News0 min ago
Talk Talk And Landline
I have just contacted talk talk to ask about broadband and landline and they told me they are phrasing landline out, strange.
Answers
No best answer has yet been selected by fruitsalad. Once a best answer has been selected, it will be shown here.
For more on marking an answer as the "Best Answer", please visit our FAQ.Convention copper-wired landlines are set to disappear altogether.
BT Openreach (which provides the cabling used by all phone service operators, except for Virgin Media) is ripping out the copper cables and replacing them with fibre ones. Every home will then need a broadband router (even if they don't need a broadband service, per se), with their home phone being plugged into that router (via an adapter, if necessary).
The new service is technically known as 'VoIP' (Voice over Internet Protocol) but BT are calling it 'Digital Voice' (with other providers free to choose their own names too).

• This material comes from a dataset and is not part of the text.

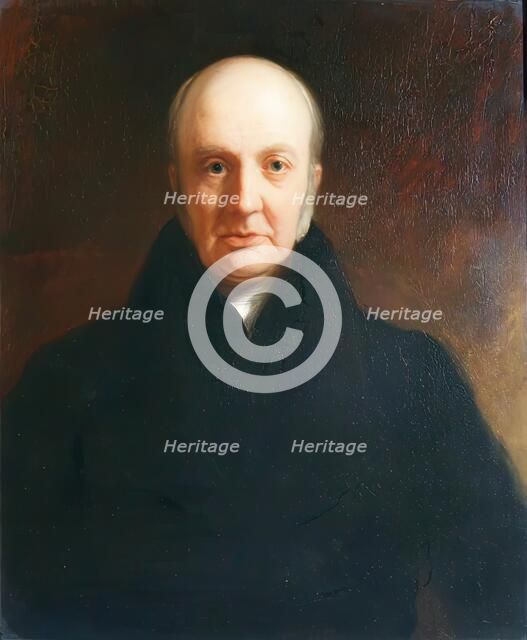 Alexander Webster, 1833. Creator: William Dyce.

So all phone service providers will only be offering internet-based services in the future. Some parts of the country have already switched to using VoIP, with everywhere else due to make the change by the end of next year.
From Ofcom:
https:/
We recently got stung with this by BT, we got changed to the new system without realising it
If we have a power cut we are up s-it creek without a paddle as we cant get a mobile signal at all and the landline would be useless as its through the wi fi.
Just a few days earlier we had had to dial 999 when my son collapsed and died. God knows what we would have done if the same thing had happened now.
You cant switch back to the old system either
^^^ No, Dave. It's the cabling to the cabinet in your street (or nearby) that's being switched to fibre.
In practice, it almost certainly is already, as nearly every home in the UK now has access to an 'FTTC' (= 'fibre to the cabinet') broadband service, whereas only a minority can use a much faster 'FTTP' (= 'fibre to the premises') one. It's simply that the old copper cables are being withdrawn from service everywhere (except between the cabinet and your home), meaning that your landline phone calls will then need to go via the internet.
There is one other equally important and perhaps more significant aspect to this.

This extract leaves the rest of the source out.